Scraped caption text data:
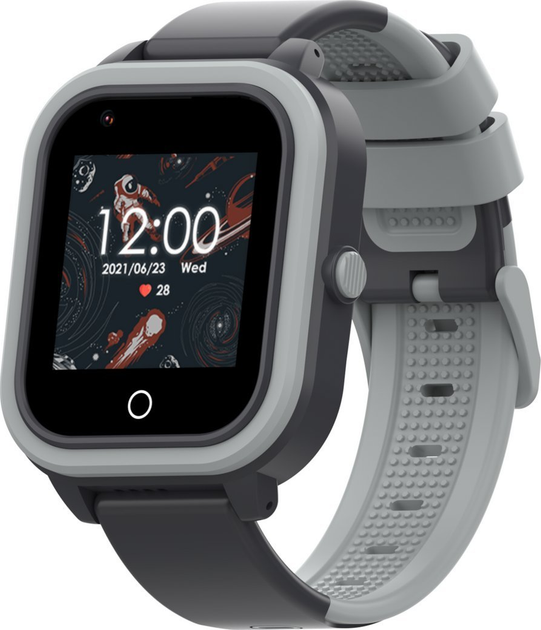 Smartwatch dla dzieci Bemi Linki Cosmo Gray (6972689172580) - obraz 1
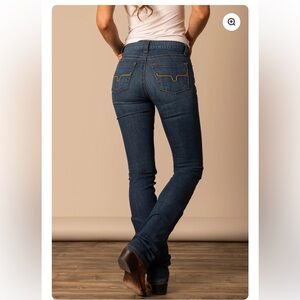 Kimes Ranch Betty Classic Blue Women's Jeans Modest Bootcut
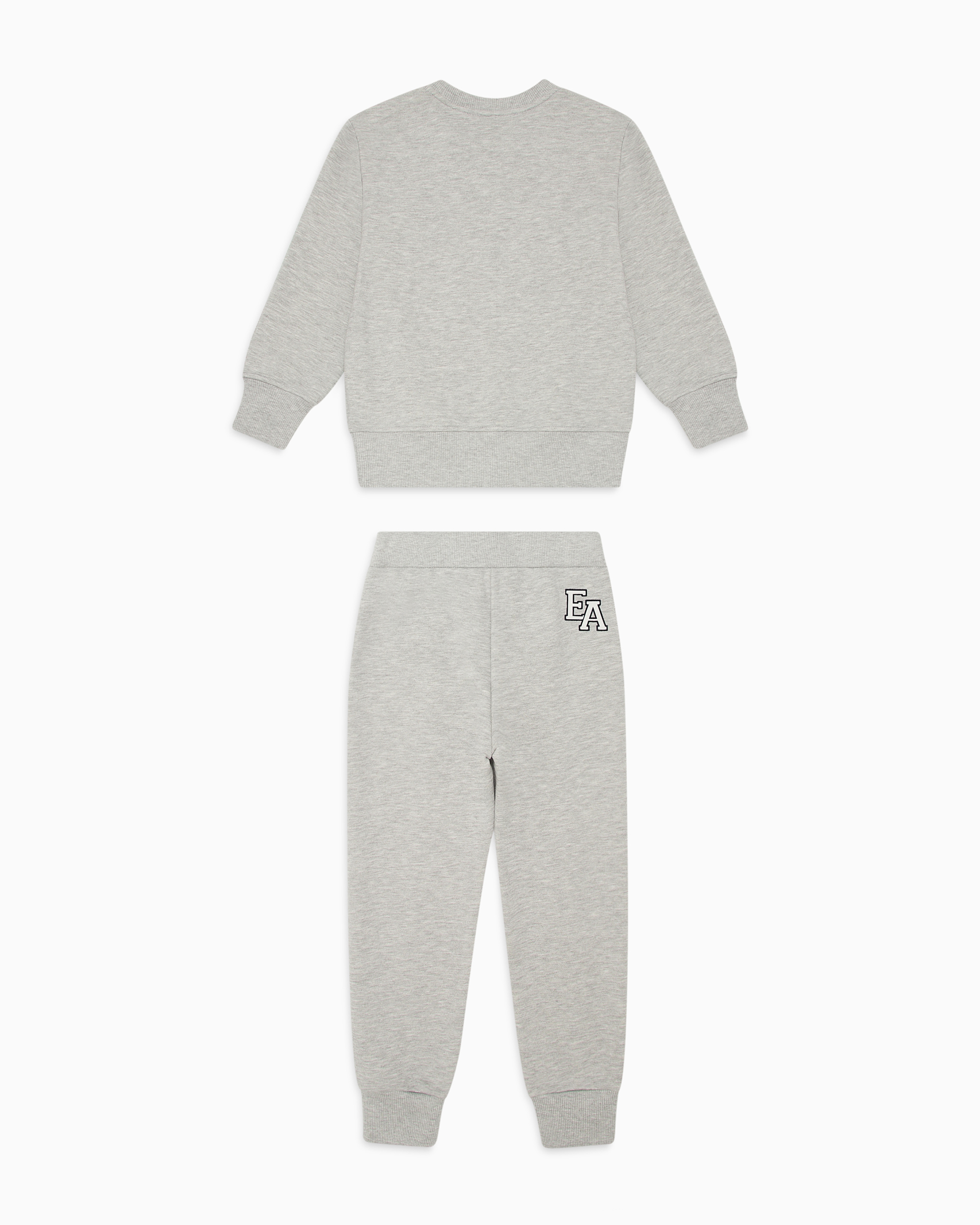 Shop Emporio Armani Tracksuits In Grey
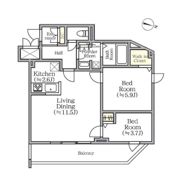 CREALpremier西馬込の間取り画像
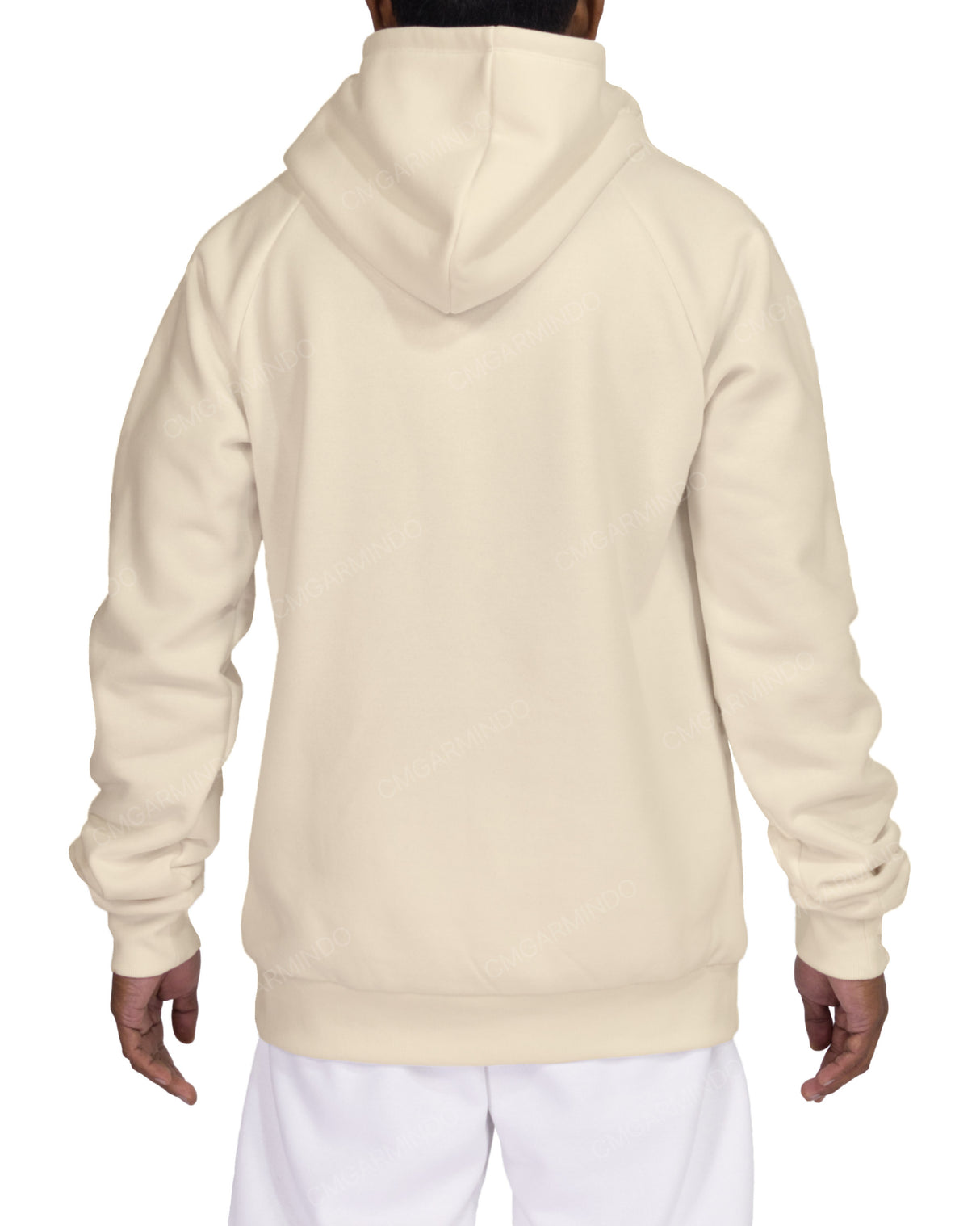 Oversized Wrap Hood Raglan Hoodie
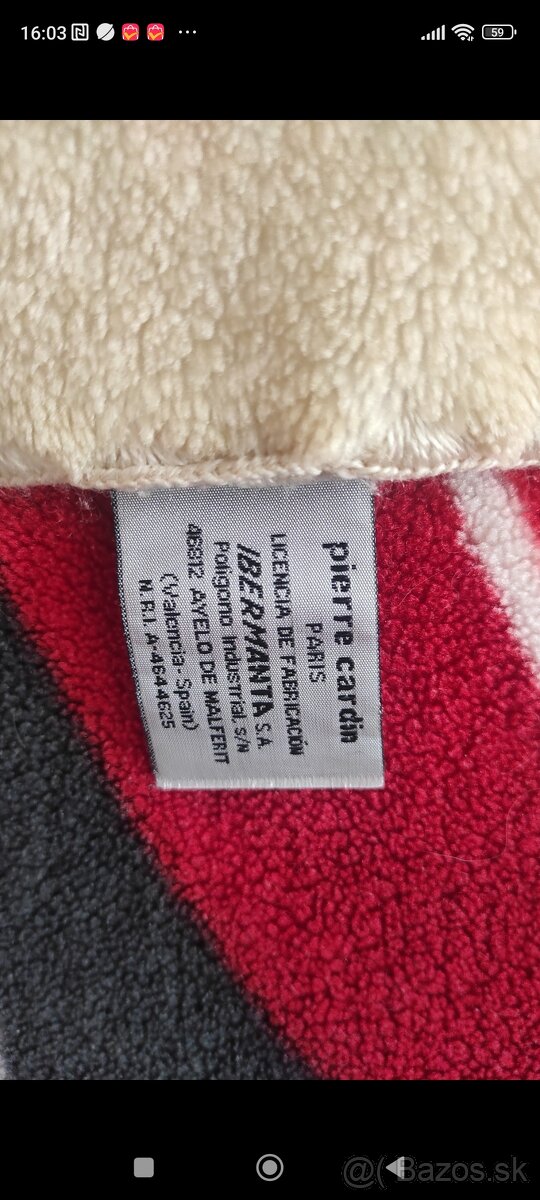 Španielska deka - 3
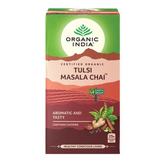 Organic India, BIO Tulsi Masala Chai Tea , 25 Infusion Bags - GREEN LIFE CYPRUS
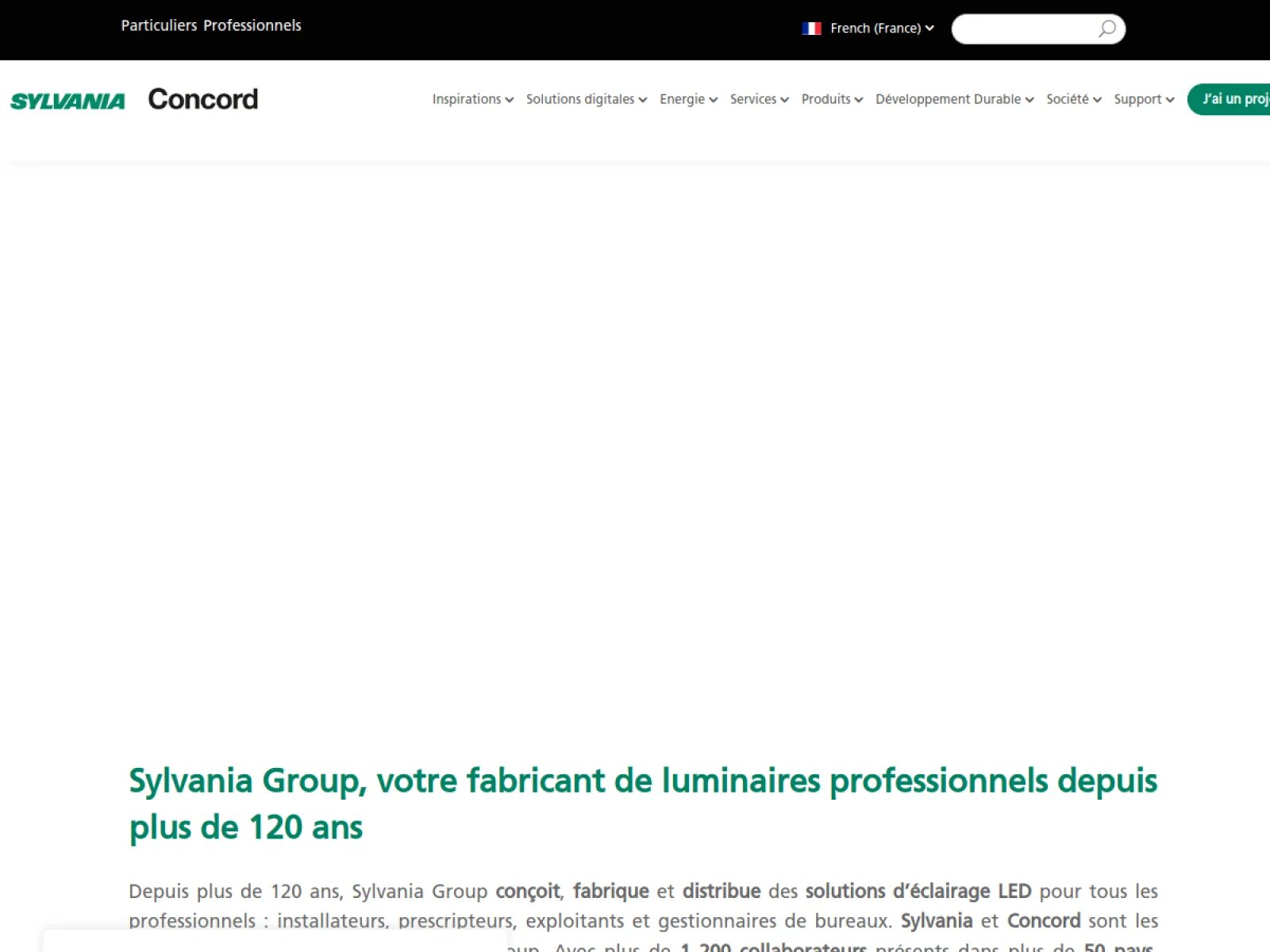 votre fabricant de luminaires professionnels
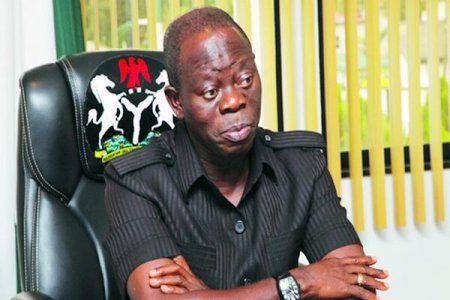 [VIDEO] Senator Oshiomhole Fires Back at Betsy Obaseki, Criticizes Obasekis' Childlessness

* _DESCRIPTION OF THE TASK_: Copy the lines of the records, beginning where the line containing "Oversized Wrap Hood Raglan Hoodie" appears and continuing through the final line, exactly and with no pictures.

* _RESPONSE FOR THIS EXERCISE_:
 Oversized Wrap Hood Raglan Hoodie
 Španielska deka - 3
 Organic India, BIO Tulsi Masala Chai Tea , 25 Infusion Bags - GREEN LIFE CYPRUS
 votre fabricant de luminaires professionnels
 [VIDEO] Senator Oshiomhole Fires Back at Betsy Obaseki, Criticizes Obasekis' Childlessness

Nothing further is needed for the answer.